Страх — это сигнал опасности, ответ на предчувствие, незащищенность от внешних сил. Английские слова с этим значением издавна представляют страх как ужасное чудовище [Феоктистова 1984: 27—35], поэтому, видимо, в современном массовом искусстве на Западе создают страшилищ и страшилки в виде персонифицированных страхов; типичное отчуждение личной эмоции вовне с целью тем самым ее одолеть. В древнеанглийском представлении «человекообразность страха» — это сила, поражающая извне. В русской же ментальности страх воспринимается как сила внутренняя; тут важна не вещь, внушающая страх, а само душевное переживание, в страсти страдания преобразующее его дух. «Страх возникает от воображения опасности или гибели, — писал Иван Ильин, — а храбрость есть власть над своей фантазией». Мысль, высказанная не раз. «Страх от гордыни» (это — Татьяна Горичева), «страх— от испуга» [Чернейко 1997: 220] и т.д. Чувство опасности англичанин воспринимал как материальное воплощение причины страха (hild — враждебное действие), а наивысшая степень страха постигает человека в аду. У язычника славянина ада и в мыслях нет — он остается в его душе, понятой как вместилище всех духовных переживаний. «Подсознательное отношение русских к страху как к чему- то крайне индивидуальному и мало достойному (страх — это слабость) — действительно глубоко специфическая черта этого [русского] типа мировоззрения»; страх перед возможным наказанием, опасение реального действия — да, он был, но не метафизический страх, который создавал основания для глубокого невроза, столь мучительного для современного человека Запада. Русская душа свободна от такого невроза «тревожности», в полной мере наслаждаясь пороком безответственности [Голованивская 1997: 231]. По тем же причинам русская философия не разрабатывает темы страха, а русская литература не создает его окультуренных иллюзий. Не зная немотивированного страха, русский человек свободен в своих чувствах. Только страх как результат воздействия, но не страх-состояние и не страх как внешнее выражение опасных проявлений извне [Бабенко 1989: 178—179].

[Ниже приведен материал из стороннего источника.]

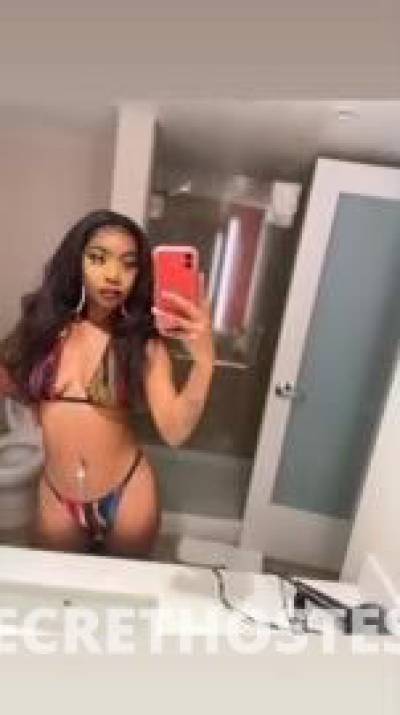 22Yrs Old Escort Houston TX Image - 1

Окончательное оформление в социально важную идею страха у восточных славян происходит довольно поздно. Понятие «страх» как бы «снимается» с символа и теперь расширяется до обозначения всякой формы проявления данной эмоции: «Состояние сильной тревоги, беспокойство, душевное смятение перед какой-либо опасностью или бедой» — говорят нам современные словари, и говорят справедливо. Они подчеркивают, что страх как идея возможен и перед лицом того, чего в действительности нет. Не в том ли и проявляется развитие к цивилизации? Надуманные страхи, вселяющие тоску?